Records to process:
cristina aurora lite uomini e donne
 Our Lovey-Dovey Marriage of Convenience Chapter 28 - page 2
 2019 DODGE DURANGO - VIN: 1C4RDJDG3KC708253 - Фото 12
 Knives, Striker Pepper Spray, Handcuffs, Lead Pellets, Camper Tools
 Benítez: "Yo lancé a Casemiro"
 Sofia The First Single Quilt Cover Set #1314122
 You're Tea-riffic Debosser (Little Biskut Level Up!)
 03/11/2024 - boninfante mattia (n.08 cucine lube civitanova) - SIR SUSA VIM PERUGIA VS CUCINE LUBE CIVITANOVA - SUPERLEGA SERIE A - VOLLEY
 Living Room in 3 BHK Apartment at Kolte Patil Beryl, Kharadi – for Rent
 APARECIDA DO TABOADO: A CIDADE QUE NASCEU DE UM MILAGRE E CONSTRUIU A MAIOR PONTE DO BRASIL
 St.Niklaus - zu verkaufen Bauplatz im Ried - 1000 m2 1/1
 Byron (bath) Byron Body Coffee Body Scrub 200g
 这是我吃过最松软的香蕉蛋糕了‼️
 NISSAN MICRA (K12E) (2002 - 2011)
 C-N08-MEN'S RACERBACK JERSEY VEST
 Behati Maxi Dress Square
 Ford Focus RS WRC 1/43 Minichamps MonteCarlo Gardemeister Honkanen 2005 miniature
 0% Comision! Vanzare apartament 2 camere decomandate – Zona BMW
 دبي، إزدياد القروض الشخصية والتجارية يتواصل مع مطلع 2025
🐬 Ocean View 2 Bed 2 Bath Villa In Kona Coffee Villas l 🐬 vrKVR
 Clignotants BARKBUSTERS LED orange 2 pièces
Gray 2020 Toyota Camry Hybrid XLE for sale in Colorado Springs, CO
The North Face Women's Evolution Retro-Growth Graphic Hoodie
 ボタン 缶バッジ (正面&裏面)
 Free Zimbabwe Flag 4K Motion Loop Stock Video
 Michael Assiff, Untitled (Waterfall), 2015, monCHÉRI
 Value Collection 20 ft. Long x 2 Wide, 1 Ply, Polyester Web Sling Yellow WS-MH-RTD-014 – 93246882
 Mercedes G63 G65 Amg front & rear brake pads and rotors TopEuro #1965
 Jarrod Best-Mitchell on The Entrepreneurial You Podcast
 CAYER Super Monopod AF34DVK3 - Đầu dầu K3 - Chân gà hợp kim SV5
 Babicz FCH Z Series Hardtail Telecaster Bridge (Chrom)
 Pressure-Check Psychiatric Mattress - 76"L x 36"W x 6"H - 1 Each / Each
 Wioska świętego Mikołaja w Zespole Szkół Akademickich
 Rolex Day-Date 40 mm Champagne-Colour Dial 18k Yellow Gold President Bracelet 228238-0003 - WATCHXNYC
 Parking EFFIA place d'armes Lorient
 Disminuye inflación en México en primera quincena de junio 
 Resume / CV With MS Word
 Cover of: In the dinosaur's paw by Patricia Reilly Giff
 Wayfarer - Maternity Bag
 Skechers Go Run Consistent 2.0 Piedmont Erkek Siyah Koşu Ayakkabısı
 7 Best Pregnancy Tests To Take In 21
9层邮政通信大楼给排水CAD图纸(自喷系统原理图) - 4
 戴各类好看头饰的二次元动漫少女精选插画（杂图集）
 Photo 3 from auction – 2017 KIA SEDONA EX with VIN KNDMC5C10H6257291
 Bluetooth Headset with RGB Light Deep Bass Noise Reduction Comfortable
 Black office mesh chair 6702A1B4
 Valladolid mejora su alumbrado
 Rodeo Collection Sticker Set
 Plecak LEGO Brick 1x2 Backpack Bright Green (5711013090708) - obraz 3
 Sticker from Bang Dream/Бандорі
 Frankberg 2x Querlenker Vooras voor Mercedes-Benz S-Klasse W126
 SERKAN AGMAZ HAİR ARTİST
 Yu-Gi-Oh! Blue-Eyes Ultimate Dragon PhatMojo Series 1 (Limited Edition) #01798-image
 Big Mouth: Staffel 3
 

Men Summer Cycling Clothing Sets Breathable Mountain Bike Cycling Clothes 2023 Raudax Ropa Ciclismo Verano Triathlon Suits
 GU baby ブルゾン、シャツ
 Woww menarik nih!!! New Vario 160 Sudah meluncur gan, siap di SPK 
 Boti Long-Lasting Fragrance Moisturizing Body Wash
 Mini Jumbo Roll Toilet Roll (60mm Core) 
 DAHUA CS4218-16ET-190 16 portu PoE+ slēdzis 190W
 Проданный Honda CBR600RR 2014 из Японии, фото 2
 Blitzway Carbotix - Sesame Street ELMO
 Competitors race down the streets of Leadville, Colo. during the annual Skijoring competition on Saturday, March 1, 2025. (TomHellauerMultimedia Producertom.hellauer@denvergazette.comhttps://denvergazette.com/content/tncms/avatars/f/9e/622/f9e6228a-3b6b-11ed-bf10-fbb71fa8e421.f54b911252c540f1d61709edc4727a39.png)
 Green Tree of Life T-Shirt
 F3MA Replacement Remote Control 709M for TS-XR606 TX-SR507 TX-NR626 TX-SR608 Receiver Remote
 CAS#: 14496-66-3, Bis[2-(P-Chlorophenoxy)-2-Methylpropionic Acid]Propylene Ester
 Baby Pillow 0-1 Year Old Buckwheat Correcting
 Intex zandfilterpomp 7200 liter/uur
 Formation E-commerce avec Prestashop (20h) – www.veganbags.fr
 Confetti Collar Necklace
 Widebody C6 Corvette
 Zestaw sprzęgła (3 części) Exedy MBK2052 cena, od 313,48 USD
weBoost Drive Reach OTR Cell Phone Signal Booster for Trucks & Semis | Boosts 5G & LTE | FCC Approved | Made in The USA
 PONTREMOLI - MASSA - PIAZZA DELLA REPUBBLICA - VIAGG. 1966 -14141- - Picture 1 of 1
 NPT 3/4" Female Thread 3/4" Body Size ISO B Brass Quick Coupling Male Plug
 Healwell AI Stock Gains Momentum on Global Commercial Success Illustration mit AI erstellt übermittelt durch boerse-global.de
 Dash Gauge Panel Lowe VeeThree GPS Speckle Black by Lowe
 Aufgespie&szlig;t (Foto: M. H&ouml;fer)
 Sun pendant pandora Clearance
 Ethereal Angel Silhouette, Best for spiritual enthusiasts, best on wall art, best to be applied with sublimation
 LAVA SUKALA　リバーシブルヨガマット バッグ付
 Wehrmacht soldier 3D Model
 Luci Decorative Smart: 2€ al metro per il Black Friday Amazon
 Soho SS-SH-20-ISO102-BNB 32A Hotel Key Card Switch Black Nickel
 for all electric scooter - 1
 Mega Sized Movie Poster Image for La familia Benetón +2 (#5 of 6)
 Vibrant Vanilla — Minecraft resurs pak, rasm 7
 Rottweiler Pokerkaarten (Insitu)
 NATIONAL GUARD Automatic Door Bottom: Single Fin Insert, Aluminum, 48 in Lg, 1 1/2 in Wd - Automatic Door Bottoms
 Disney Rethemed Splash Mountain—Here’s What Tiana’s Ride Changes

Work required:
Provide only the number of lines in the listing above that contain "Stock".

Expected output:
2